|Peter Boettke|
That is Jim Goodnight, CEO of SAS. SAS just got named the #1 company to work for by Fortune, and was profiled this morning on CBS Sunday Morning, in a piece that addressed the claim that the rich have gotten richer and the poor poorer during the last 20 years.
My idea of a vibrant intellectual/academic environment fits with the description given of firms such as SAS or Google, and actually what I saw in operation at Stanford and to a considerable extent NYU. An environment where the faculty are constantly fending off offers from competing institutions because their work is widely recognized for its high quality, but who constantly choose to stay because their current environment is one that is intellectually dynamics and provides them with all the financial and non-financial benefits that can be offered anywhere else.
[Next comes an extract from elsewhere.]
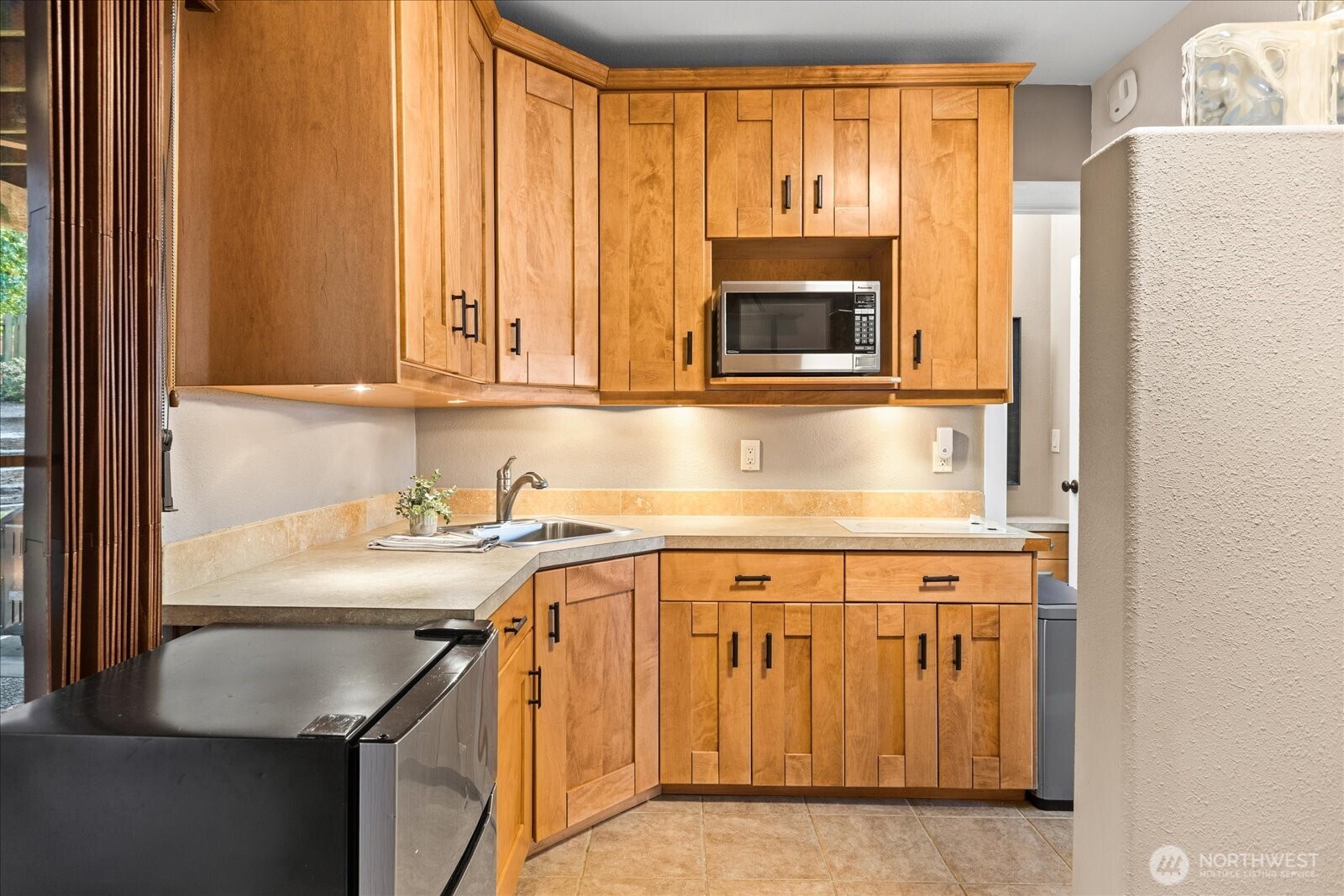 30718 5th Place Property Photo 21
In short, they view the entire package of their current work environment too attractive to leave even though an alternative offer might be attractive on a particular margin of salary, prestige, office space, teaching loads, etc.. The signal of turn-over of senior faculty, or the inability to attract first-choice faculty during searches should cause departmental leaders and university administrators to "soul-search" and rethink the intellectual-work environment that is currently in existence and how to improve it because if you are unable to retain and attract those who you have identified as top flight, then it must be more than on one margin that you are falling behind.
My question is if "efficiency wages" increase productivity by both eliminating turn-over and making for a more attractive (for potential employees) and enjoyable (for existing employees) workplace, then why is this often seen as flipping the causal relationship between value and price rather than an interesting way in a dynamic world for employers to capture the opportunity for productivity gains and reward employees accordingly?